The mining industry remains a key enabler of industrialisation and broad-based economic development of Ghana, the Minister of Lands and Natural Resources, Mr Kwaku Asomah-Cheremeh, has said.
He said the industry’s contribution to gross domestic product (GDP), internal revenue generation and socio-economic development was very significant to the development of the economy.
As a result, he said the ministry would this year partner local assemblies to improve infrastructure development in mining areas through the Minerals Development Fund (MDF).
That, he said, would create an enabling environment for the mining sector to thrive.
“There is the need to do more for the country by continuing to create the needed partnerships that bring the kind of benefits to be associated with a blossoming mining industry,” he said.
The minister made this known in a speech read on his behalf by the Deputy Minister of Lands and Natural Resources, Mr Benito Owusu Bio, at the inauguration of a permanent office complex to accommodate the Ghana Chamber of Mines in Accra.
The three-storey structure, located within the Gulf House Enclave in Accra, will house all the chamber’s operational units as well as serve as a centre for mining information in Ghana.
The estimated cost of the edifice which started in 2017 is US$1.2 million.
It has conference rooms, boardroom, mining library for research, a gymnasium, refreshment parlour and a secretariat for the ECOWAS Federation of Chambers of Mines (EFEDCOM) and the Local Network of the United Nations Global Compact centre.
It is also disability friendly with the aim of promoting diversity and inclusiveness in the mining industry.
Mr Benito Owusu Bio and a former Chief Executive Officer (CEO) of the chamber, Dr Joyce Rosalind Aryee, jointly inaugurated the facility.

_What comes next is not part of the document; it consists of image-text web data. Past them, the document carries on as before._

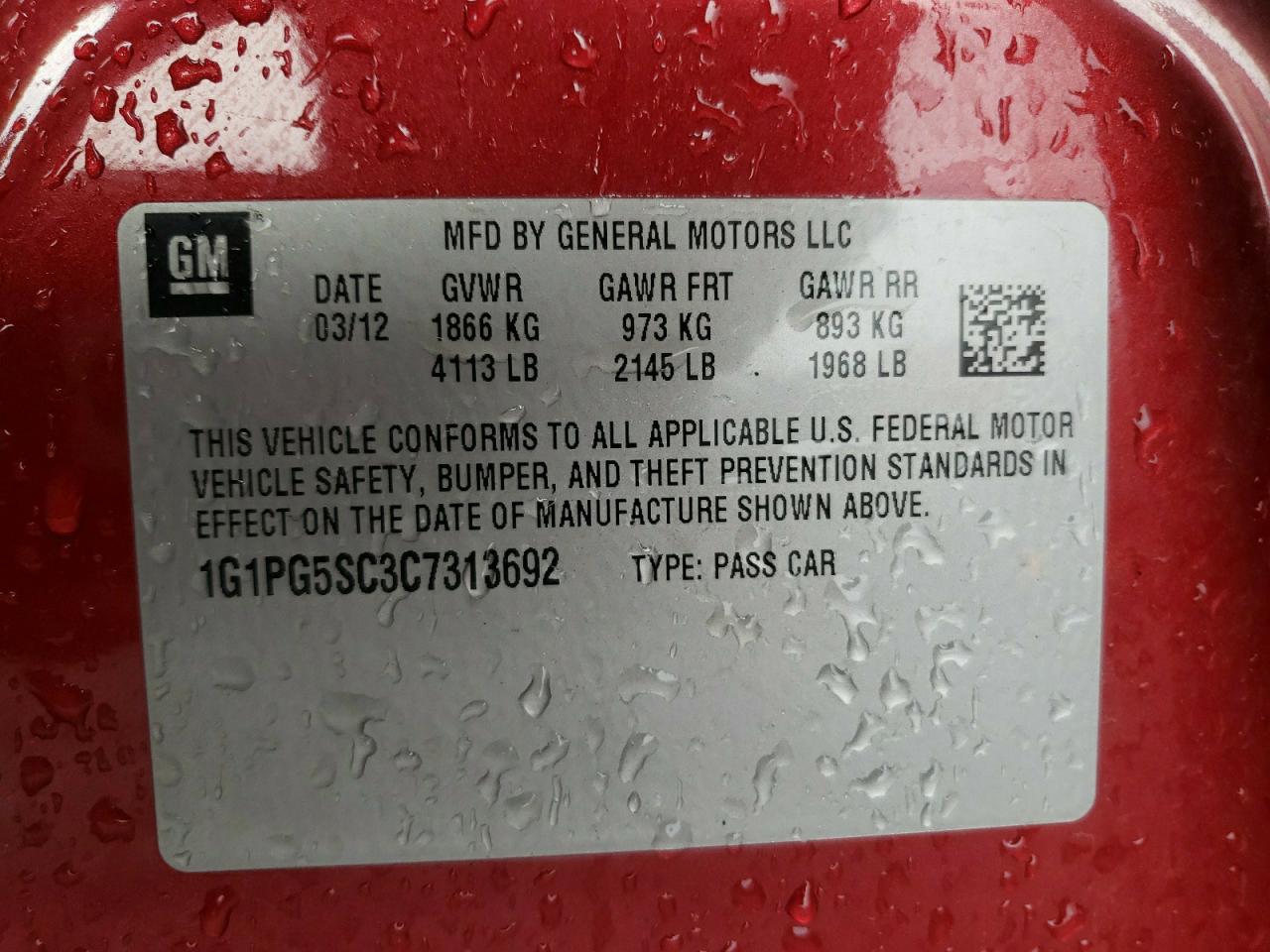 Photo 10 from auction – 2012 CHEVROLET CRUZE LT with VIN 1G1PG5SC3C7313692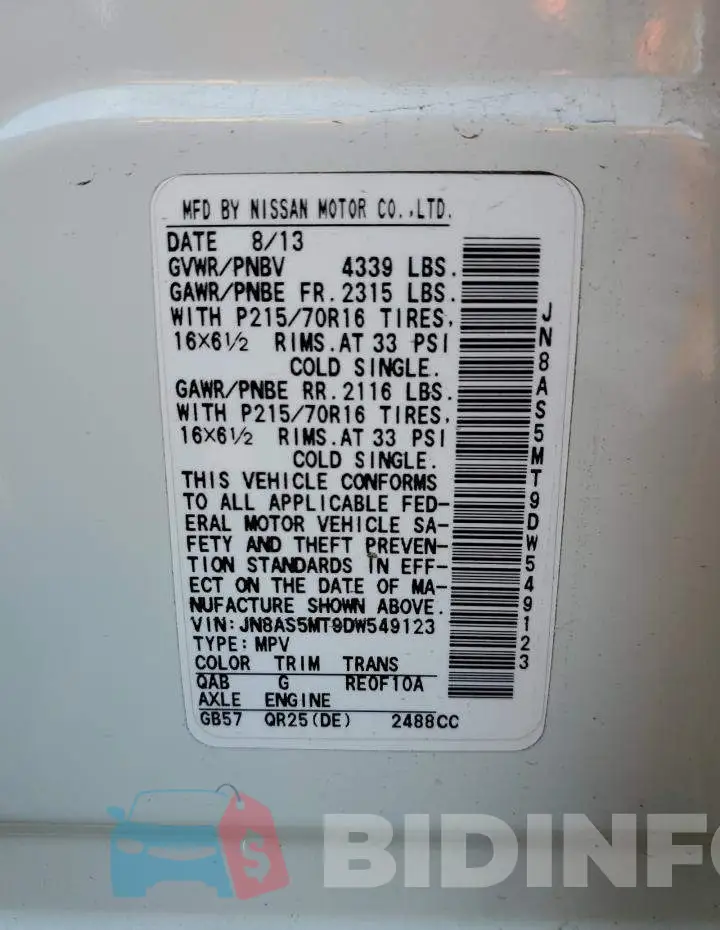 JN8AS5MT9DW549123 Photo# 12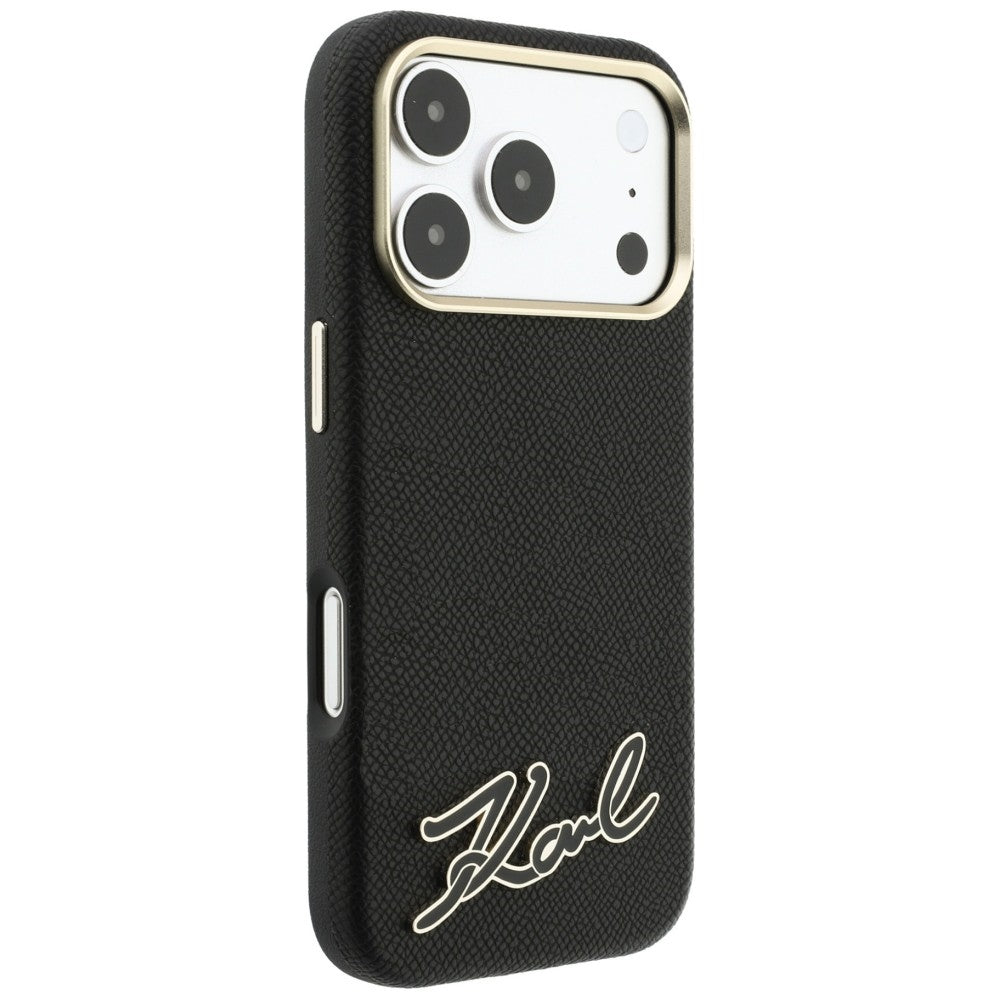 Θήκη MagSafe για Apple iPhone 18 Pro Max / 17 Pro Max, Karl Lagerfeld, Grained Resin Sign Logo, Μαύρη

Mr Asomah-Cheremeh indicated that the ministry was aware of the numerous social projects member companies of the chamber were undertaking, including the construction of schools, health centres and electrification projects.
He commended the chamber for introducing a tertiary education fund, which was expected to transform research and education in the mining industry, noting that the initiative would go a long way to complement the government’s Free SHS policy.
“The ministry will also continue to partner local assemblies to improve infrastructure development in mining areas through the Minerals Development Fund (MDF) and I call on you to support the local assemblies with the needed expertise in undertaking projects under the MDF to help improve the lives of the host communities.
“There is also the need to do more for the country by continuing to create the needed partnerships that bring the kind of benefits to be associated with a blossoming mining industry,” he added.
Adherence to governance principles
The President of the chamber, Mr Eric Asubonteng, said the chamber would ensure that its members adhered to stringent but progressive globally accepted governance principles that ensured that businesses were responsive to the needs of the changing world.
“Through useful partnerships, the chamber has continued to maintain its position as the foremost anchor to Ghana’s economy and despite the challenges we face daily, we continue to prove our commitment beyond all reasonable doubts,” he said.
Mr Asubonteng also urged the minister to pay attention to the value chain of mining and continue to deepen efforts and create opportunities for locals to benefit from the industry.
For his part, the CEO of the chamber, Mr Sulemanu Koney, paid glowing tribute to past executives for mooting the idea.